In numerous cases, LBOs have been used by managers to buy out shareholders (a process then called MBO, management buyout) to gain control over the company (both ownership and decision making), which raises ethical problems of conflicts of interest.

Of the many firms associated with LBOs (such as The Carlyle Group, The Blackstone Group, Forstmann Little & Company, Hicks, Muse, Tate & Furst), the New York City–based private equity firm Kohlberg Kravis Roberts & Co (KKR) is the most well known for two reasons: First, KKR pioneered the LBO approach to buyouts, and second, the most famous LBO in American history was the takeover of RJR Nabisco by KKR in 1988 (for the record amount of $25 billion). The story was later chronicled and popularized in a 1990 book by award-winning journalists Bryan Burrough and John Helyar (Barbarians at the Gate: The Fall of RJR Nabisco) and in a 1993 film (starring James Garner), which introduced many readers and viewers to the world of hostile takeovers and financial speculations in corporate America.

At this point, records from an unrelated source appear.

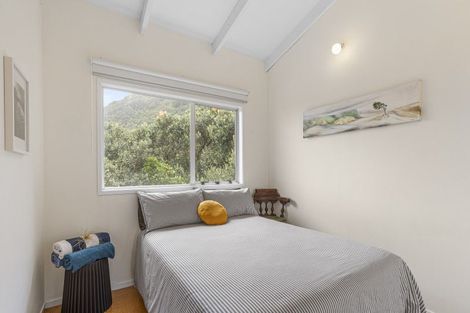 Photo of property in 36 North Piha Road, Piha, 0772
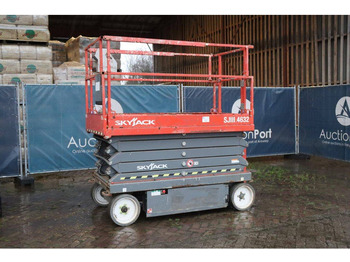 رافعة هيدروليكية مقصية SKYJACK
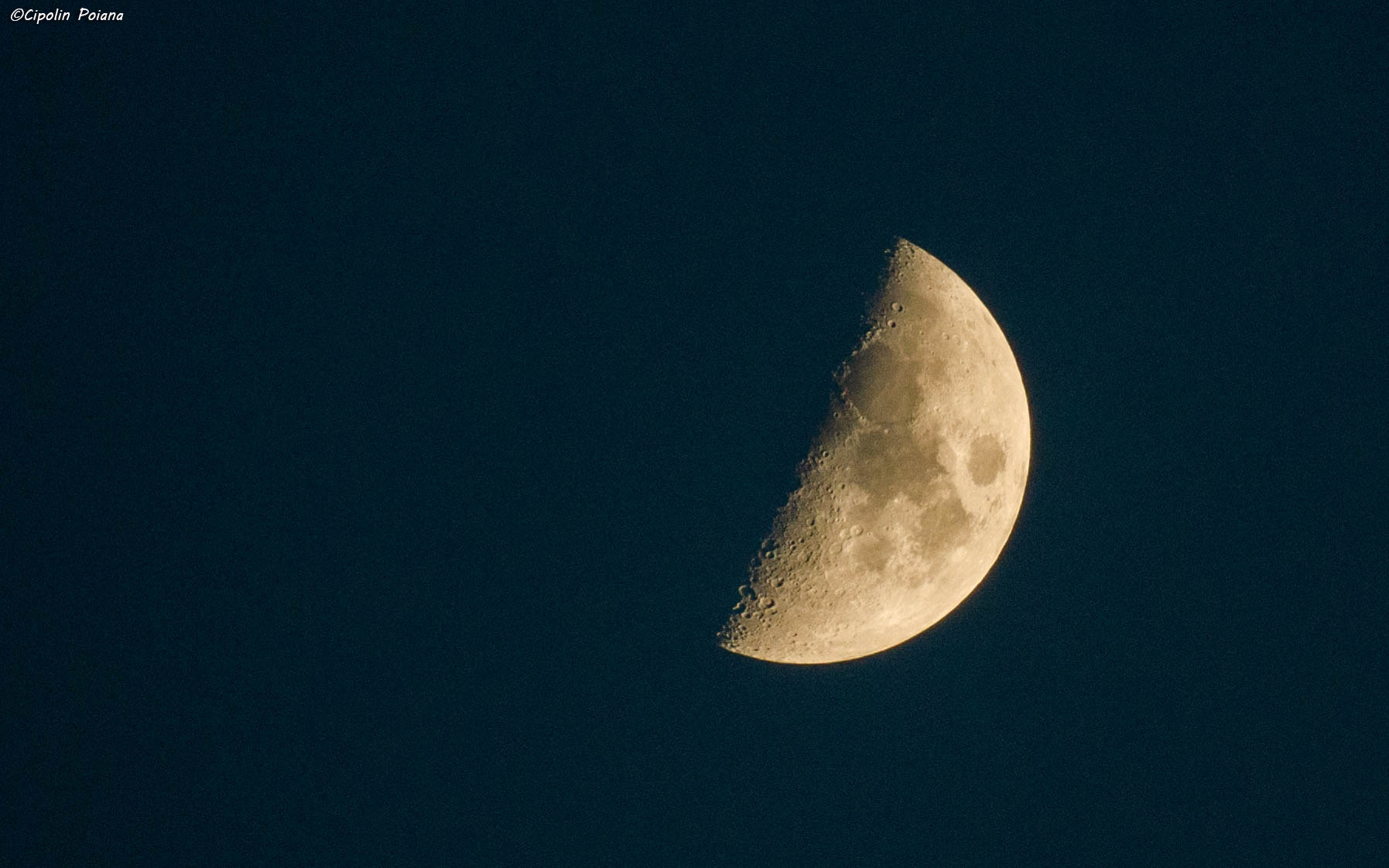 Nikon D7000 + Tamron SP 70-300mm F4-5.6 Di VC USD sample photo. Moon in this evening photography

Empirical evidence shows that many LBOs, like other types of buyouts, have resulted in significant improvements in firms' performance (using a range of indicators from cash flow to return on investment), which can be explained by a combination of factors including tax benefits, strengthened management, internal reorganization, and change in corporate culture. On the other hand, LBOs, because of the leverage aspect, are controversial because they may cause disruptions and economic hardship in the company purchased: Its assets serve as collateral for the borrowed money, the purchasing company (often a holding whose only purpose is corporate ownership and control) intending to repay the loan by using the future profits and cash flows from the purchased company or, failing that, by selling its assets (i.e., dismantling the company). Besides, LBOs have represented a moral hazard: In the context of the savings and loan debacle of the 1980s, their investors' gains (through junk bonds) were eventually paid by taxpayers. LBOs also raise further issues of ethics, notably about conflicts of interest between managers or acquirers and shareholders, insider trading, stockholders' welfare, excessive fees to intermediaries, and squeeze-outs of minority shareholders (who may well receive a good price for their shares, an average of 30% to 40% more than the market price, but do not eventually benefit from the massive financial rewards of shrewd postbuyout strategies).

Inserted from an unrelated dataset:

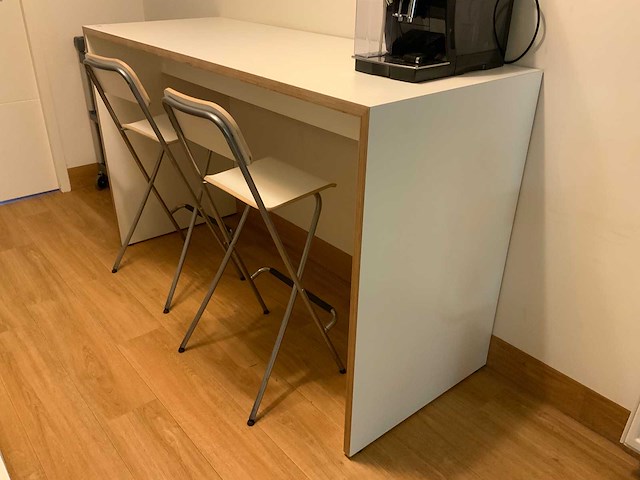 Bartafel en krukken - afbeelding 4 van  9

The use of LBOs started to decline in the late 1980s for two reasons: First, companies started to develop preventive strategies and defensive tactics (with “poison pills” meant to deter hostile bids, typically giving current shareholders particular rights to buy additional shares or to sell shares with severe economic penalties on the hostile LBO acquirer); second, changes in the legislation made such takeovers more difficult (e.g., with Delaware's merger moratorium law or Ohio's control share acquisition law). The rise of litigations against leveraged bids (for instance with allegations of violations of antitrust and securities laws) also contributed to the dearth of LBOs. At the start of the 21st century, there have been some LBOs again, especially in the hightechnology sector, with cable and software companies becoming the targets of private equity firms; if some scholars and specialists predict a new wave of LBOs, it is nonetheless unlikely to be accompanied by the greed and aggressiveness of the 1980s.